Этот народ — невежда в законе; проклят он (Ио. 7, 49), —
скажут люди закона о всех идущих за Иисусом, «беззаконником». Проклят «темный народ», am haarez, — вот это-то «проклятье» и будет Благословением, Блаженством, по закону «опрокинутого мира» — царства Божия.
516
Osk. Holtzmann, Christus, 1922, S. 123.
Равенство
Кто имеет, тому дано будет, и приумножится; а кто не имеет, у того отнимется и то, что имеет (Мт. 12, 12), —
вот для меры сил человеческих невыносимая, возмутительная, душу переворачивающая, несправедливость, неравенство, — как бы нарочно в лицо всей человеческой справедливости брошенный вызов.
В этом смысле, не только вся Нагорная проповедь, все учение Христа, но и вся Его жизнь, — не что иное, как опрокинутый закон.
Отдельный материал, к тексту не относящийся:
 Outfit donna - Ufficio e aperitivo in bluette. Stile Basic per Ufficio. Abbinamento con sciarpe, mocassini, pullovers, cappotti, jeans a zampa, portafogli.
Мир будет спасен величайшим из всех злодеяний — Богоубийством Голгофским: Крест — всех опрокинутых законов, перевернутых справедливостей венец.
Сколько бы ни доказывал Кант, что христианство есть «учение нравственное», прежде всего, — с тем же, если не с большим, правом могут доказывать другие, что христианство «безнравственно». Главное во всякой и в собственной Кантовой этике — «категорический императив» долга, а в Нагорной проповеди тот же императив опрокинут. Нет, уж если говорить о нравственности, то все религии, от Моисеева Закона до Ислама, все философии, от Сократовой до Кантовой, подводят более широкое и твердое, потому что более общедоступное, в меру человеческих сил осуществимое, основание под нравственность, нежели христианство, с его нечеловеческой безмерностью, таинственной «превратностью», уходом из трех измерений в четвертое, где «все наоборот». Самое шаткое из всех равновесий, конус, поставленный на острие, — вот что такое христианство. Дорого обошлось оно людям, — не слишком ли дорого? Но, прежде чем это решить, надо бы подумать: можно ли было меньшей ценой спасти погибающий мир?
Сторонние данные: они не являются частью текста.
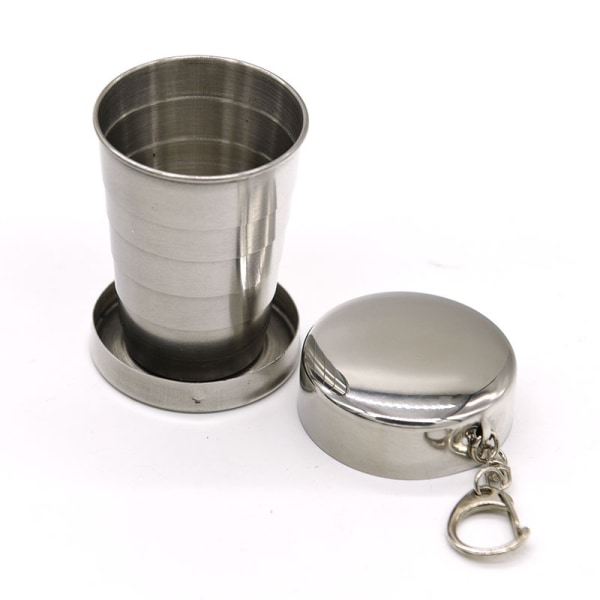 Sammenleggbar kopp i rustfritt stål, utendørs teleskopkopp Husholdningskjøkken S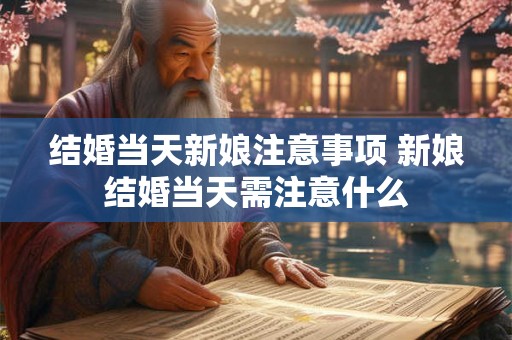 结婚当天新娘注意事项 新娘结婚当天需注意什么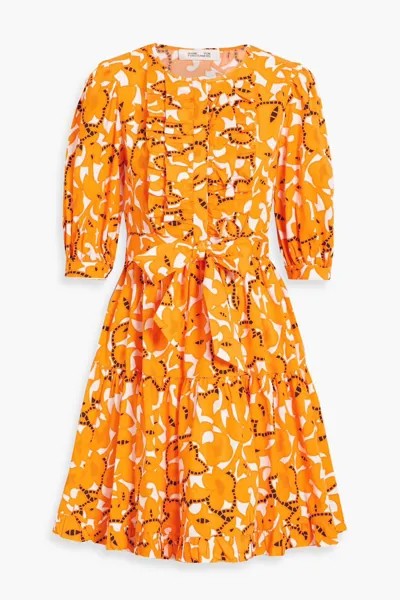 Платье мини Roberta из поплина с принтом и оборками Diane Von Furstenberg, оранжевый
Детскую игрушку, ваньку-встаньку, напоминает человек, с тою лишь разницей, что у того человечка, игрушечного, свинцовый груз — в ногах, а у настоящего — в голове. Ваньку-встаньку нельзя опрокинуть, все подымается на ноги, а человека нельзя поднять, — все падает, как пал Адам, согрешив. Первородный грех и есть этот, к низу тянущий обратного ваньку-встаньку, свинцовый груз. Падшего в людях Адама поднять не может никакой закон, никакой императив, никакая нравственность. Чтоб это сделать, надо переместить в человеке центр тяжести. Это и делает Нагорная проповедь.
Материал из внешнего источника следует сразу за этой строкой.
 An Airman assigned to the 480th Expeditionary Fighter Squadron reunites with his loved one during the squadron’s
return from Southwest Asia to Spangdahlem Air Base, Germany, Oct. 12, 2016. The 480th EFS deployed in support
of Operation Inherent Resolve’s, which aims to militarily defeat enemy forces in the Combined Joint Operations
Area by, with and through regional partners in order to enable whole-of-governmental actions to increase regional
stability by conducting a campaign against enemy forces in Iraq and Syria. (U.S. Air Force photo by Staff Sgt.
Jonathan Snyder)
Не собирайте себе сокровищ на земле… но собирайте себе сокровища на небе…
Ибо, где сокровище ваше, там будет и сердце ваше. (Мт. 6, 19–21.)
Радуйтесь в тот день и веселитесь, ибо велика ваша награда на небесах. (Лк. 6, 22–23.)
Сердце человека — истинное сокровище, — тянущий груз, уже не свинцовый, а золотой, — переместится, и обратный ванька-встанька, падший Адам, встанет на ноги. Если царство Божие есть «опрокинутый мир», то и обратно, мир есть опрокинутое царство Божие. Снова опрокинуть раз уже опрокинутое, перевернуть перевернутое, — это и значит восстановить, выпрямить, поднять падший, оживить мертвый, спасти погибающий мир.
Это бесконечно просто, и не трудно, а невозможно людям, кроме одного Человека — Иисуса; этого не только никогда никто не делал, но и никому никогда не приходило в голову, что это вообще можно сделать.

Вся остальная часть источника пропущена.